The client is a US-based private company owning and managing a set of commercial real estate assets in the heart of New York City.
With no QA activities in place, they chose a1qa to establish QA processes from scratch and enhance the quality of IoT-based solutions designed for streamlining navigation inside the buildings and granting multi-level access to them.
a1qa was engaged to help ensure the top quality of an iOS and Android mobile app as well as an administrative web portal. These IT products allow end users to manage staff and client access across buildings (e.g., elevators, building entry points, meeting rooms), navigate in the building through interactive maps and track upcoming events and news. The back-end assists companies that rent offices from the client in managing employees with multi-level access to the system.
In order to enter the building, staff members can benefit from an IoT-based system and link personal IDs to their profiles through a mobile app or a QR code.
The dedicated QA team started by setting up and configuring Scrum-based QA processes from scratch.
a1qa managed workload and quickly resolved emerging issues by maintaining regular communication with both the client and the developers. Utilizing typical Scrum ceremonies, such as bug triage and retrospectives, enabled them to effectively prioritize tasks and plan accurately.
They also established a reporting practice to increase process transparency and allow the client to access project status and spot drawbacks in real-time.
The core of the solution is an application that allows administration of the processes of entering the building such as setting up access permissions, monitoring and approving all arriving guests by a security team.
In order to fine-tune the integration of the building’s server side with this app, a1qa leveraged a special lab used for scanning employees’ key cards (simulating entry situations on different floors) as well as employees’ and guests’ QR codes.
As for key cards, a1qa verified that data was read and correctly displayed in the appropriate security systems to provide the relevant access.
When it came to QR codes, a1qa took several steps to test their functionality. Firstly, they automatically generated QR codes that were identical to the ones that are typically sent to guests via email or saved in their profiles upon registering in the app. Then, a1qa utilized configured QR code readers to verify the accuracy of the scanning process for these codes.
To speed up testing activities and cover the extensive smoke testing scope, a1qa brought test automation best practices to the table.

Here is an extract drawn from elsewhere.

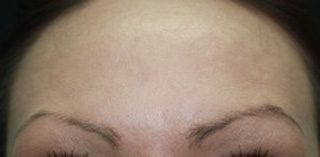 Facial rejuvenation botox after photo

To simulate the actions of real users while processing guests’ invitations, automated tests interacted with the SDK of 3rd party systems through a protocol and sent a signal for accepting or declining the access to the building or its specific area. At the same time, the engineers checked that the corresponding message was displayed in the mobile application for end users.
The QA team also validated QR codes with the help of automated tests.
To get access to real mobile devices and run tests in browsers without developing separate infrastructure, the QA experts set up an AWS device farm for testing mobile applications.
The early introduction of test automation in the development process helped to significantly reduce the time required for conducting QA activities and free up client’s resources to focus on core business objectives.
The QA team evaluated the system behavior of a mobile app version under a certain load and increased the level over time.
They applied a user behavior approach to test the IoT-based system — scanning a QR code to simulate entering the building or a meeting room. It formed the basis for user journeys’ development simulating realistic load and further script preparation covering the major API requests and system functionality, including QR code generation and new guest registration.
Server-side testing encompassed the following types of checks:
As a result of the performance testing, the QA team identified a range of critical flaws: long authorization and response time, errors associated with HTTP response codes 400, 502, 504, and other. So, a1qa recommended changing the structure of heavy API requests and optimizing the embedded elements on the main page to overcome this.
Client-side testing, in its turn, served to determine front-end speed, understand possible user experience problems, and report front-end elements for optimization.
Due to initial bugs in the software development process, the team marked that the product under test was highly vulnerable to cyberattacks.
To define the overall security level, the a1qa experts performed a vulnerability assessment based on OWASP Web and Mobile Security Testing Guides. In terms of the web application, they checked configuration, authentication, authorization, session, multiple injections, business logic, the download of diverse type files, including malicious data.
As for mobile applications, the team helped ensure high quality of their configuration, assessing the probability of traffic interception or software download under unconfirmed SSL certificates. The QA specialists also deconstructed the app to review the source code and analyze encryption algorithms to detect any keys, logins, or passwords visible in the code.
As a result, the team spotted a range of critical system flaws:
Upon completion of testing activities, they provided the client with a report on the security level of the solution based on the CVSS calculator (estimates figures based on objective criteria): security of the web app was assessed as low and medium for mobile systems.
For each detected vulnerability, the QA team proposed recommendations for improvement to enhance the overall security level of the system.
The client is highly satisfied with the delivered outcomes and appreciates the team’s commitment to helping bring stellar software performance and ensure high security level in the solution.